No, Venture had to be his target.
“Downey for Venture through Houston. I’m at the ladder.”
No answer. No answer!
Although NASA’s Destiny-7 mission has had its share of setbacks, including the loss of a crew member, the agency is reporting that communications should resume shortly and that the astronauts will soon complete their EVA and return to the Venture lander. The crew of three is expected to splash down in the Pacific sometime Sunday.
Meanwhile, an insurgent armed with a handheld missile launcher brought down an American helicopter in northern Pakistan today. . . .
LEAD TEXT, CBS CABLE NEWS, AUGUST 23, 2019
“We’ve got AOS,” Josh Kennedy said.
Harley knew it before the worn-out flight director said it, because all around him, at the twenty consoles, blank or safe-mode screens had suddenly lit up with data, live feed from Venture.
Knowing acquisition of signal was imminent, Harley had left the Home Team room, leaving one order behind: Jillianne Dwight was to take Rachel and her friend Amy home. Rachel was exhausted, for one thing. For another, the outcome of the whole Keanu adventure was still in doubt. Harley ordered Jillianne to deliver Amy to her parents, then put Rachel to bed and get hold of the information flow. (He had given the girl back her Slate.
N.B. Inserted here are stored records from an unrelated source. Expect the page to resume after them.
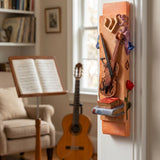Hyper-realistic image of a bold orange violin motif mezuzah mounted on a narrow doorway in a music-themed room, emphasizing craftsmanship and vibrant color.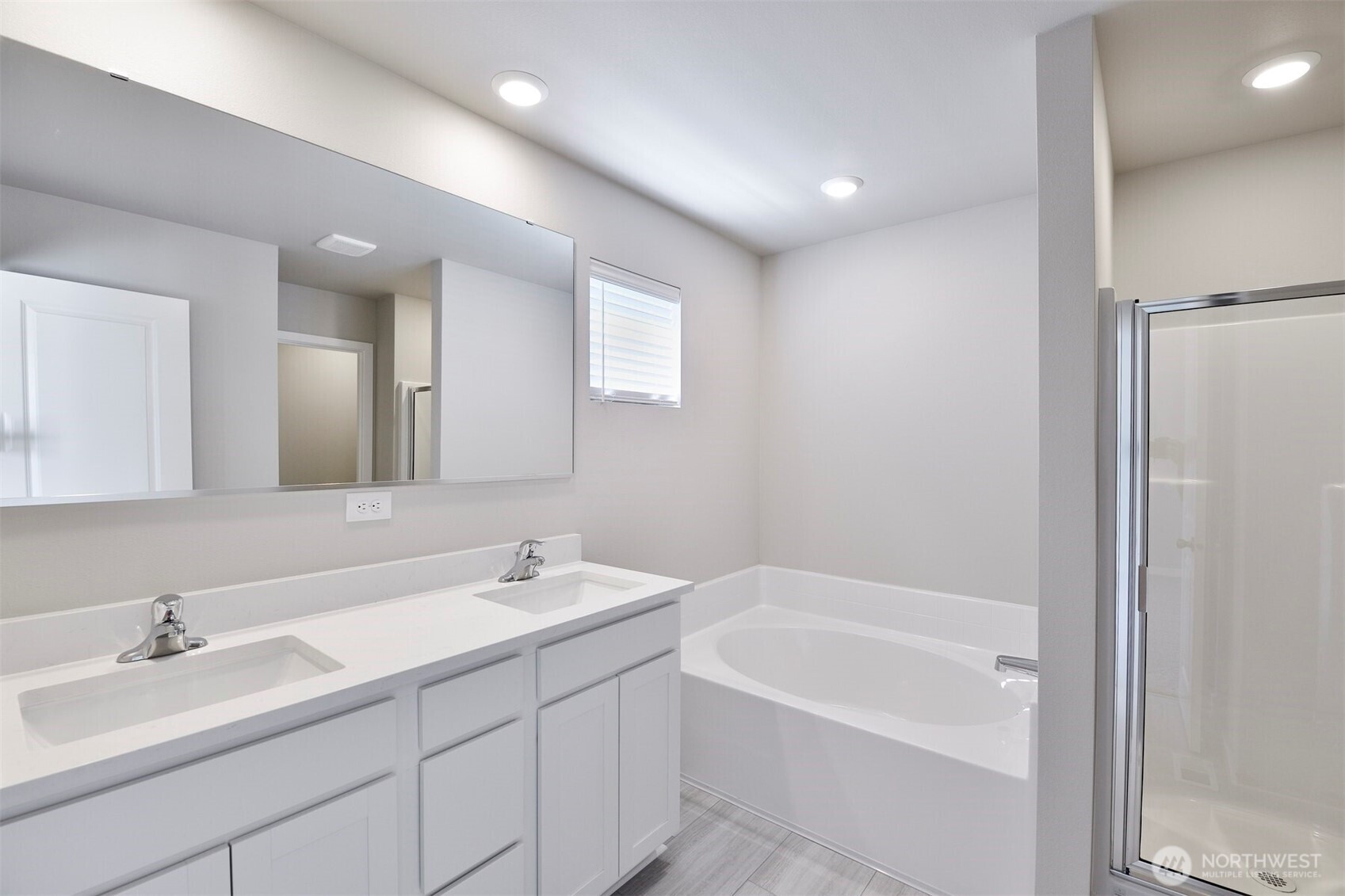 9732 Hay Street Southeast Yelm, WA 98597 - Photo 9 of 10 a bathroom with a bathtub a sink and a mirror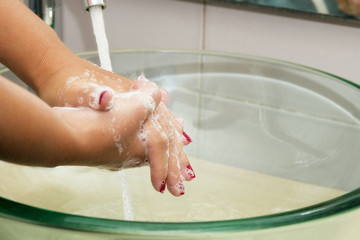 Hands washing with soap under running water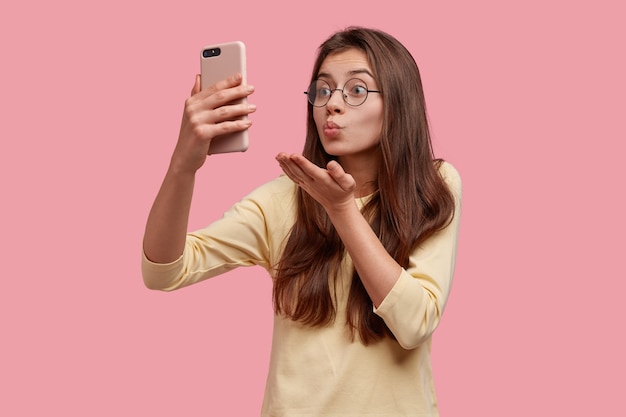 Jolie femme de race blanche fait un baiser d'air à la caméra du téléphone portable, a un appel vidéo avec son petit ami à distance, flirte et dit au revoir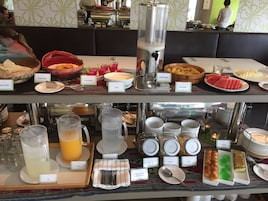 Un bufé con diversas opciones de comida y bebida, incluyendo leche fresca, fruta y yogur.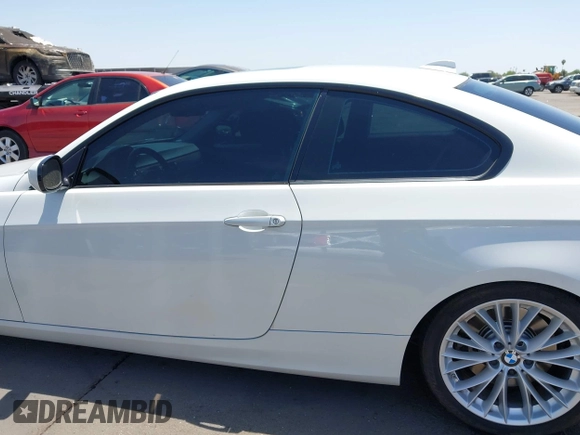 2011 BMW 3 Series 335i with VIN WBAKG7C53BE598107, listed as a IAAI auction lot 42498533 with 129,784 mi miles and . Bid and sale history available at DreamBid. Image 14.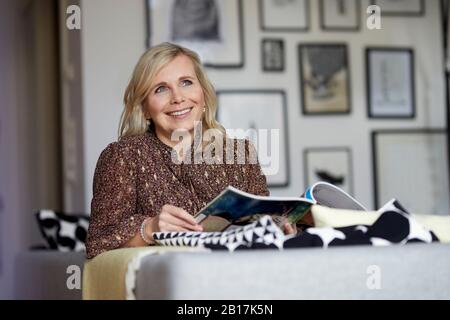 Smiling blond woman relaxing at home sitting on couch Stock Photo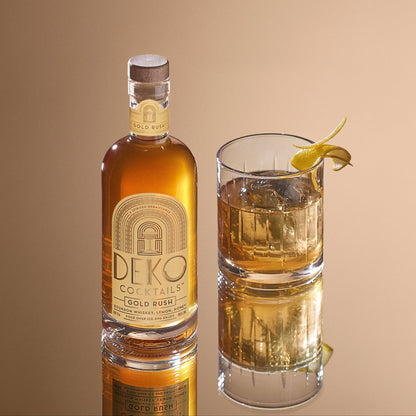 Gold Rush cocktail featuring a bottle of Deko Cocktails Gold Rush made with bourbon whiskey, lemon, and honey, shown next to a garnished glass over ice on a mirrored surface.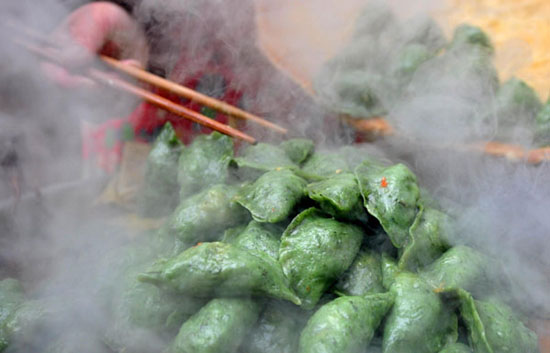 A street vendor on Yincheng street, Dexing city, Jiangxi province removes boiled Ai Fruit from a pot of boiling water on March 27.2013. As Qingming Festival (Tomb Sweeping Day) approaches, the residents in Dexing city, Jiangxi province prepare Ai Fruit, which will be eaten during Qingming Festival. Ai Fruit has a sweet and salty taste also referred to as Sweet Green Rice Ball, Qingming Fruit. The delicacy is made from glutinous rice stuffed with Ai grass or gnaphalium affine. Many people feel that not only is Ai Fruit sacred food for the Qingming Festival, but also a specialty of traditional Chinese food found in rural areas in China.  (Xinhua)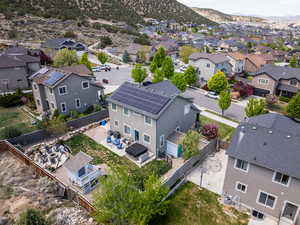 Drone / aerial view featuring a mountain view and a residential view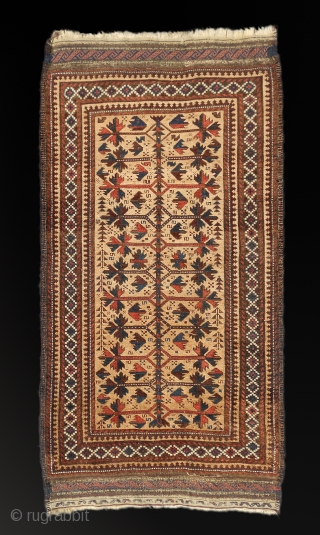 Antique Baluch rug.  3" (96cm) x 5' (150cm).  In excellent pile, good colors, glowing camel field, glossy wool, minor corrosion. Striking graphic.         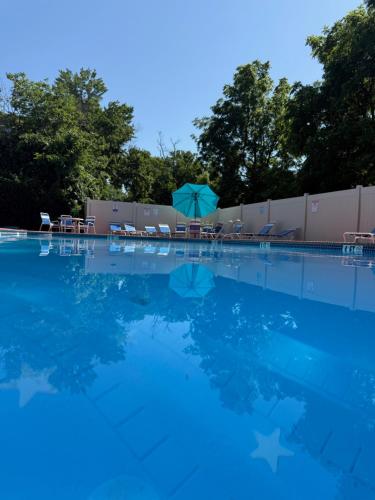 a swimming pool with chairs and an umbrella at Beautiful, Spacious, 22 In Elkins Park in Jenkintown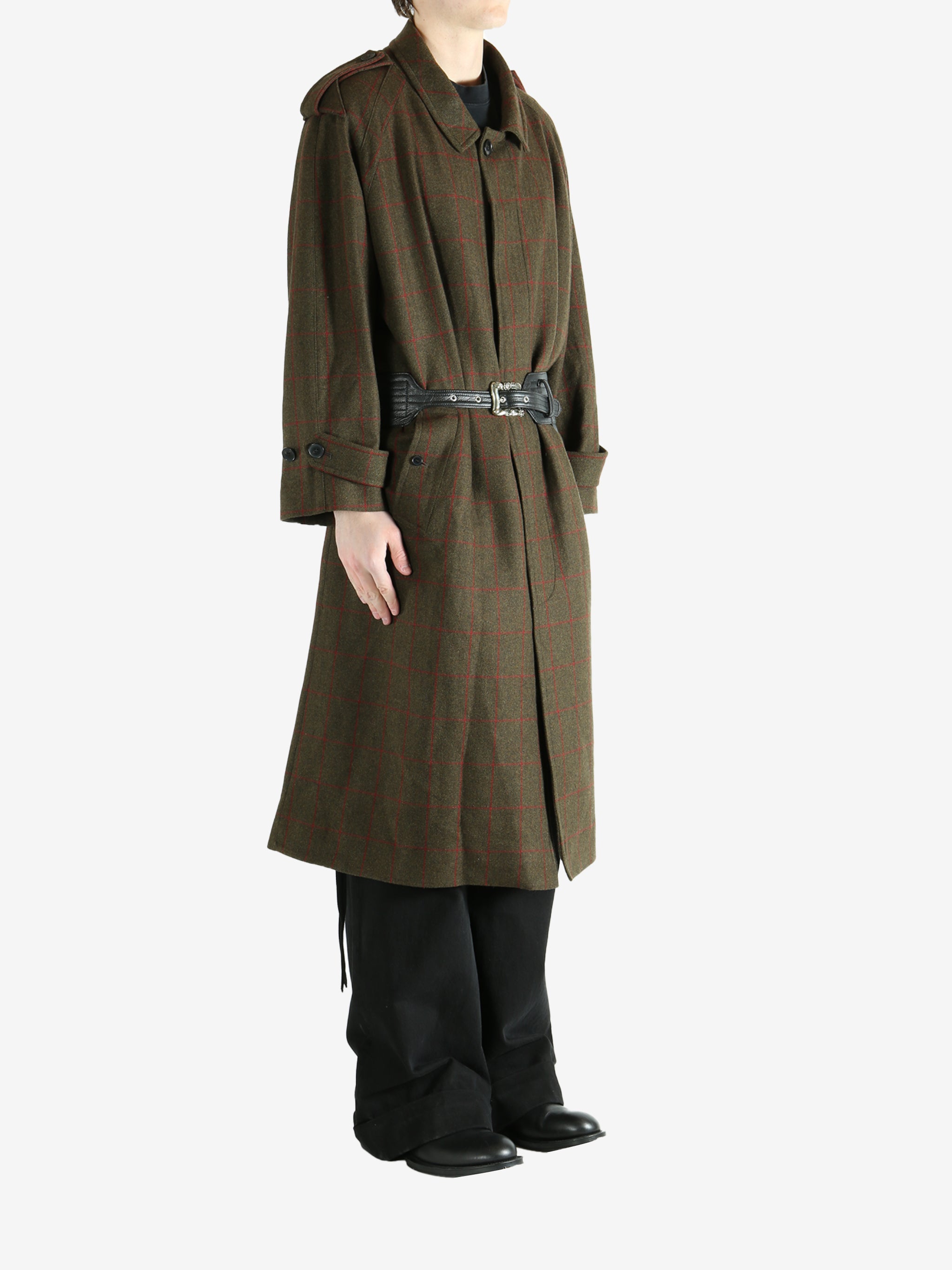 Green coat worn by a person, showing the coat fit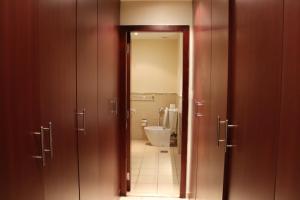 
a bathroom with a mirror and a toilet at California Hostel Dubai Beach in Dubai
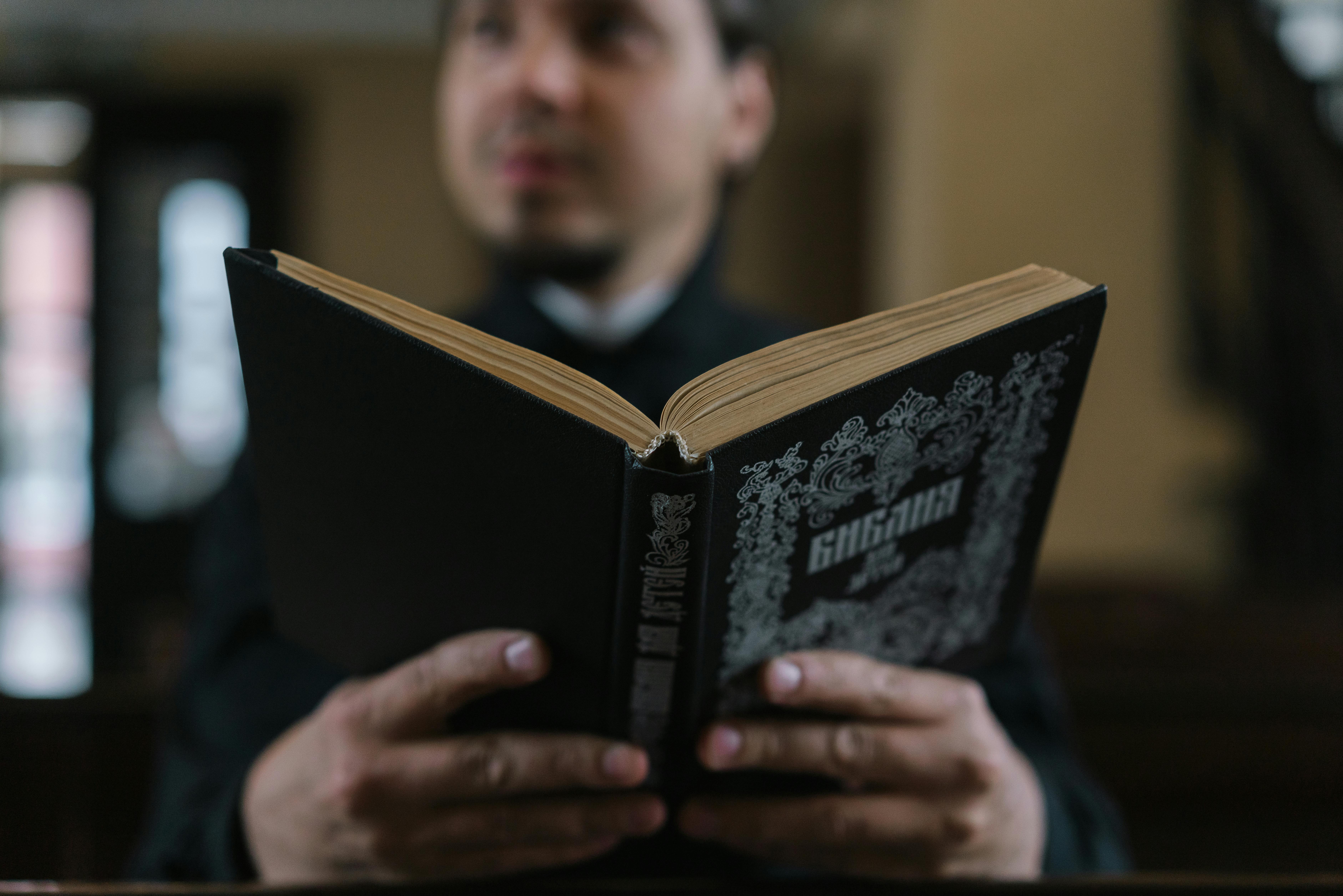 person holding a black open book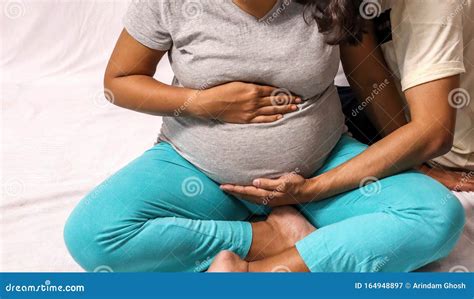 Donna incinta con le mani sulla pancia e il bambino che scalcia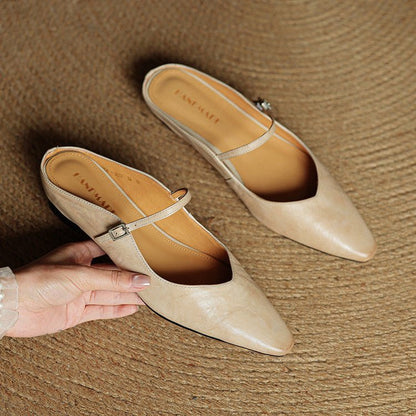 Women's black leather flats featuring a buckle strap and pointed-toe slip-on Mary Jane design, perfect for stylish and comfortable everyday wear. 5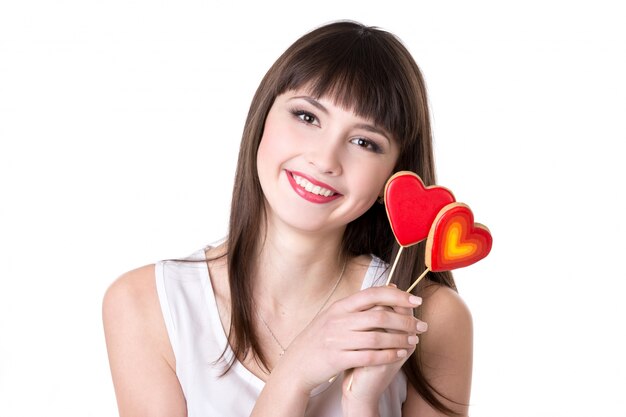 Sonriente mujer con galletas en forma de corazón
It was hers, after all, and with revelations flooding the data devices in the Home Team, Harley no longer needed it.)
Now he watched as Shane Weldon walked into mission control hours after his team—lead for the mission, scheduled originally to handle ascent from Keanu and rendezvous with Destiny—should have been on duty. Although he loomed over Josh Kennedy, Weldon let the junior flight director reestablish contact, which he did, first, by nodding to Jasmine Trieu, his capcom. “Make the call.”
“Venture, Houston, acquiring you at Stay plus twenty-six hours, eighteen minutes.”